What is being asked: Going through the material below, please gather all lines with the word "Fototapeta" in them.

Raw data:
== Segment start ==
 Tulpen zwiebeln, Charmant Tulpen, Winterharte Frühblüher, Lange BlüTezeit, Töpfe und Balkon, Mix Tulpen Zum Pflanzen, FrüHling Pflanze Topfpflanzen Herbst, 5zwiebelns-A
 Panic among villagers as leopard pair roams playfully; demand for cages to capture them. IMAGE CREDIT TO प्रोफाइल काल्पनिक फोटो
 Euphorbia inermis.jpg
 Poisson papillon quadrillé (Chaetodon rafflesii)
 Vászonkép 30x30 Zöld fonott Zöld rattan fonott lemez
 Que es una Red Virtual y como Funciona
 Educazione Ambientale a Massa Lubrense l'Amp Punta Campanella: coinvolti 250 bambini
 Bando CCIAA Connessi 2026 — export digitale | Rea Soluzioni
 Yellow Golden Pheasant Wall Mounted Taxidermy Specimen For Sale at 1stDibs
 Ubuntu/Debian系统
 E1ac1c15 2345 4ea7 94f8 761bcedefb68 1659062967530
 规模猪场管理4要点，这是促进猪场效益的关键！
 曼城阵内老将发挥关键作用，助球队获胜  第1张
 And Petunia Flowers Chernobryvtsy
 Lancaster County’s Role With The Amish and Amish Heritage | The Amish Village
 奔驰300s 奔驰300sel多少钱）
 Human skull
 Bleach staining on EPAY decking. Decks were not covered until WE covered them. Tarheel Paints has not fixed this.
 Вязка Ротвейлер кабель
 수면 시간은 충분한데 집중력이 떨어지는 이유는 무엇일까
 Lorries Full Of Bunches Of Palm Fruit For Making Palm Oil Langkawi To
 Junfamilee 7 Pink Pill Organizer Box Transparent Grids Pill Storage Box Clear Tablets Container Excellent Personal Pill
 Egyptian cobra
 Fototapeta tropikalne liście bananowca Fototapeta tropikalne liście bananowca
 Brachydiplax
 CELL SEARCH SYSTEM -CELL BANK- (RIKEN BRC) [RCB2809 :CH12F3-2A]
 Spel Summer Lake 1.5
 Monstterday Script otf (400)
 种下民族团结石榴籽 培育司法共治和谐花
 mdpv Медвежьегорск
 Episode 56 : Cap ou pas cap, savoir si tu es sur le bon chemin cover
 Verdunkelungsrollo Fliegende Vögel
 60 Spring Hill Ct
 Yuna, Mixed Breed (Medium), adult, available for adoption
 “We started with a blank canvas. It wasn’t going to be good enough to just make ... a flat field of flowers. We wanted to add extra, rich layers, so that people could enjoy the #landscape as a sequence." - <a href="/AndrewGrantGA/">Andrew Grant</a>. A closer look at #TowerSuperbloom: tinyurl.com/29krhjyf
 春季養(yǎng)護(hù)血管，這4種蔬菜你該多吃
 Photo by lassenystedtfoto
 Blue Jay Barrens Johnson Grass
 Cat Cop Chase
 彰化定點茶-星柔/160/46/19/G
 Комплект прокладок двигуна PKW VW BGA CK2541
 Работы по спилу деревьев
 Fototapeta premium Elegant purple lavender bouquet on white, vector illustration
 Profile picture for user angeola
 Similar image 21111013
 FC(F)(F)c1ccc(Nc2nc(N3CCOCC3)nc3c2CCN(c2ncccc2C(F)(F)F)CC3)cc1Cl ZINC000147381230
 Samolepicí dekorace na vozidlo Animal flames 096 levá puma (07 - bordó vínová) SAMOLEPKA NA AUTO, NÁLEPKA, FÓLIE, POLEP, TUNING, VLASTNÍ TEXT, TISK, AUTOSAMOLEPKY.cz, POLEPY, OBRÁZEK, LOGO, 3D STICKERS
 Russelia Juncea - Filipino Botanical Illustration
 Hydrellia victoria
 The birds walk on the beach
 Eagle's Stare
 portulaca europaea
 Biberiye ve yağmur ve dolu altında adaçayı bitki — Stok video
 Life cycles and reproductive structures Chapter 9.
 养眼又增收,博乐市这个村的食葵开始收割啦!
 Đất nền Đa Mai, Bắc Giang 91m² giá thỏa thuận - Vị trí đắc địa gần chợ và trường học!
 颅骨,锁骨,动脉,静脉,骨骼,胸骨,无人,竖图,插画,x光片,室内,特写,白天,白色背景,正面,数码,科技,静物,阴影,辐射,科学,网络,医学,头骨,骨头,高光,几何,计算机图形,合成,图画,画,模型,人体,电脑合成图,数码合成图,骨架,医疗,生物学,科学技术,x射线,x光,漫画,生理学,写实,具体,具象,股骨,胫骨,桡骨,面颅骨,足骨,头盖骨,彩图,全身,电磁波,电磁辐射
== Segment end ==
Exercise response:
 Fototapeta tropikalne liście bananowca Fototapeta tropikalne liście bananowca
 Fototapeta premium Elegant purple lavender bouquet on white, vector illustration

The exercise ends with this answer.